Decide rules for a contributor to become a committer
According to https://blog.waynebeaton.ca/posts/opensource/repository/:
[...] here must be a path to turn contributors into committers. That path must only be as challenging as necessary, and must be based entirely on an individual’s ability to implement the Eclipse Foundation Development Process, implement the Eclipse Foundation Intellectual Property Policy, and–of course–work in collaboration with the rest of the development team while contributing high quality content to the project. Nominations for a committer election must include a merit statement that includes references (links) to specific contributions that demonstrate that the individual meets the criteria. To be clear, committer status must never be based on employment status.
According to https://blog.waynebeaton.ca/posts/opensource/hired-a-committer/:
To be considered for committer status a candidate must demonstrate merit. Generally, this takes the form of making high-quality contributions to a project in the form of patches or new code, but can manifest in other ways. It may make sense, for example, to nominate a committer based on a history of helping users and adopters.

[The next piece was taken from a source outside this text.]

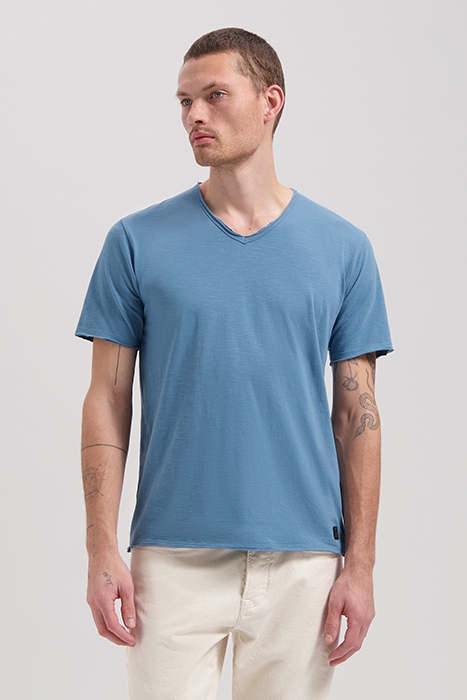 DS_STEWART TEE AEGEAN BLUE AEGEAN BLUE 1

The demonstration of merit must be something that everybody can see. That is, the demonstration of merit must be transparent to the general public. Again, code contributions are an obvious example of this as the commit record is open for all. This is one of the reasons that commits must be correctly attributed (i.e., the Author field in a Git commit must include the author’s name and credentials); another reason being that implementing an effective intellectual property regime requires it. With the tools available today, it’s pretty easy to point to a pattern of contribution.
The entire process must be open. That is in the sense that it is open to all comers; as I like to say (in one form or another), that the playing field must be level. That means that the means by which an Eclipse project team decides to make somebody a committer must not be biased by who that individual works for, or any criteria other than the the quality of the contributions they’ve made to the project and their demonstration that they understand their role and responsibilities as a committer.
[Conclusion] To earn committer status, a candidate must demonstrate that they understand their responsibilities under the Eclipse Foundation Development Process as well as the project code.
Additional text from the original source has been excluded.